I don't have an idea about why one would use stat64 explicitly. First of all it requires _GNU_SOURCE to be defined. Secondly to my knowledge glibc's stat already handle all the kernel-specific 32/64-bit difference staff.
And besides, both the stat and stat64 use the same stat system call on my kernel.
The most likely explanation is the program did a #define _FILE_OFFSET_BITS 64 before including any system headers. This causes calls to plain stat to be remapped to stat64, open to open64, etc. Nowadays all applications should do this.
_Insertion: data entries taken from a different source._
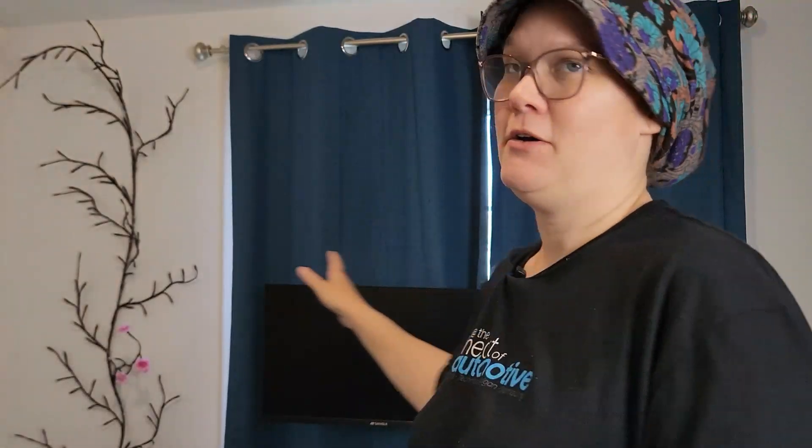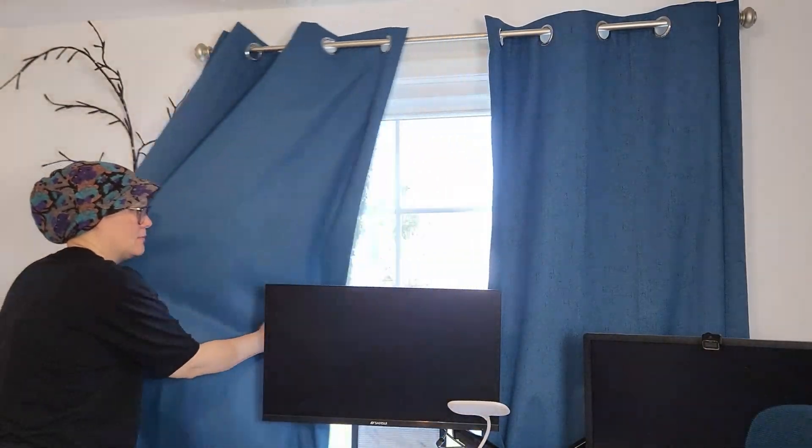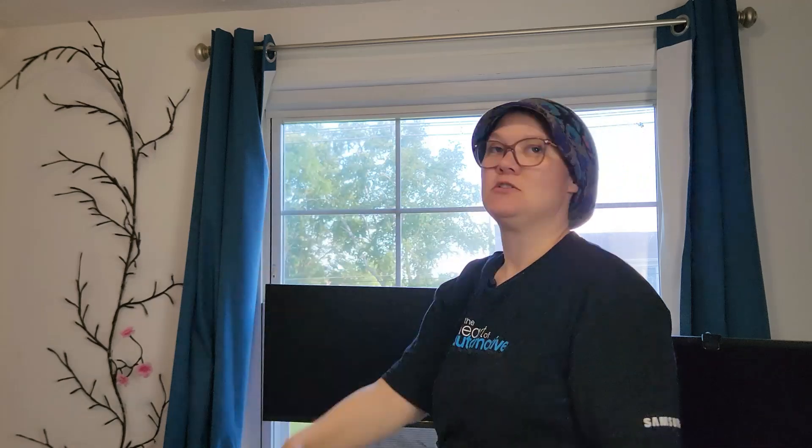Now let me show you how amazing it is going from fully closed to open — and you're going to see some sunlight even though it is five o'clock in the afternoon. Look how beautiful. It does a really good job. I highly recommend this as a perfect pair of curtain panels if you are looking for something with that blackout property.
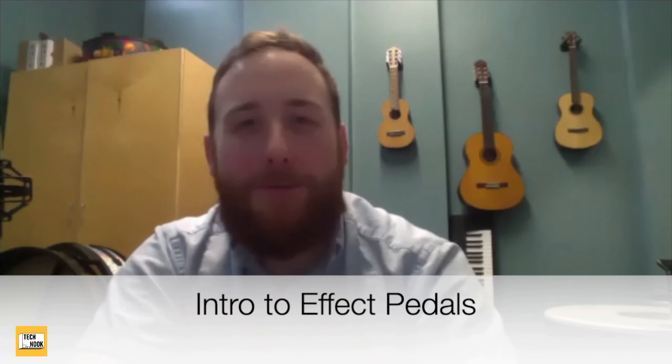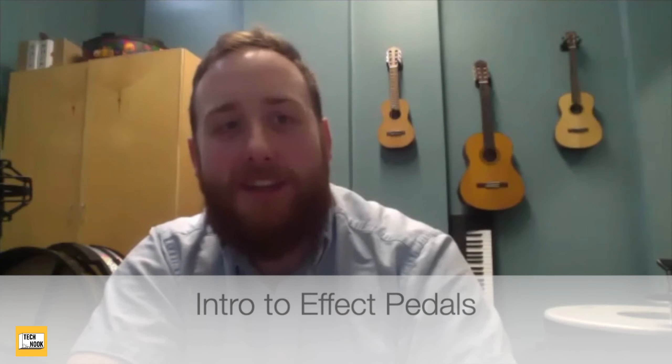All right, everybody. Welcome back to the Tech Nook, to the live sound cranny. My name is Chris Millett. My name is Jesse Ash-Rotiz. And we are two music therapists who want to tell you a little bit about effects pedals, guitar pedals, stomp boxes, whatever you want to call them.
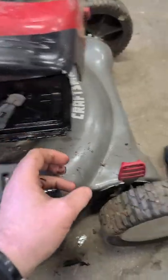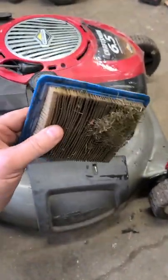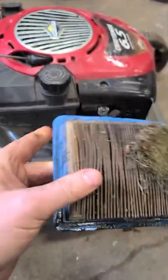What's causing this is the air filter is full of oil. Somebody replaced the blade, flipped the mower over on its side with the carburetor facing down, and all the oil came through and impregnated the filter.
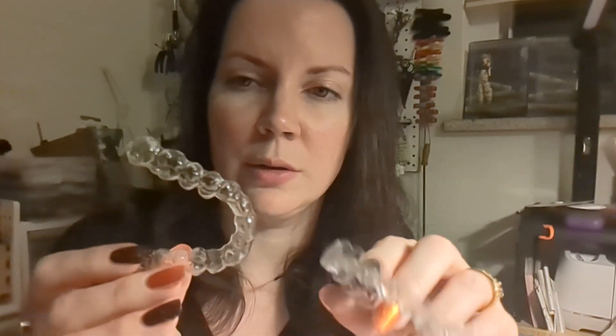So I have new tray number two. Just as a comparison, my first tray and my current one — I know you can't see this on camera because it's super subtle. The first ones were just starting to get really slightly discolored, I think.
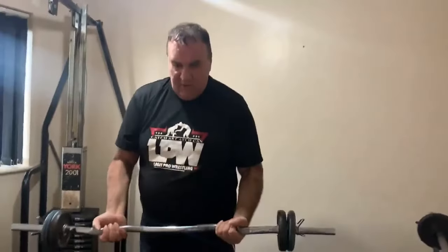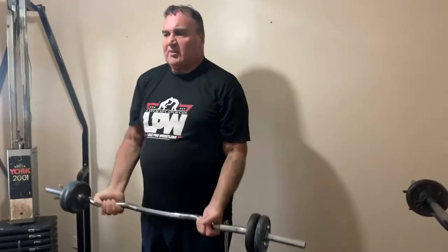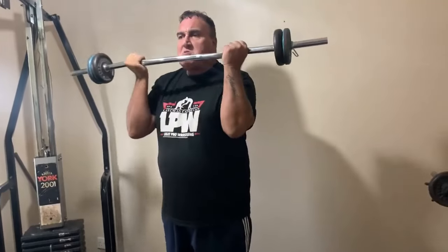So I've got an EZ bar. You start here in this position — you come up, one, two, three, four, five, six, seven — going a little bit slow. Then you stop, start at the top, and you come down: one, two.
However, there is a reason to use stat64 etc directly. In a library whose public interfaces logically should involve off_t or any of the other types that are changed by defining _FILE_OFFSET_BITS, you can’t use that define or any of those types in your interface headers because then your own ABI will depend on the setting of that macro, which is controlled by the library user, not you. Instead you have to define _LARGEFILE64_SOURCE and use the explicitly sized types (off64_t, etc.) and functions (stat64, etc.) in your interface headers. In principle, .c and .h files that aren't exposed to external macro defines can still use _FILE_OFFSET_BITS and the ordinary functions, but in practice it’s easier to enforce a style rule that all of the library’s code must use only the explicitly sized types and functions.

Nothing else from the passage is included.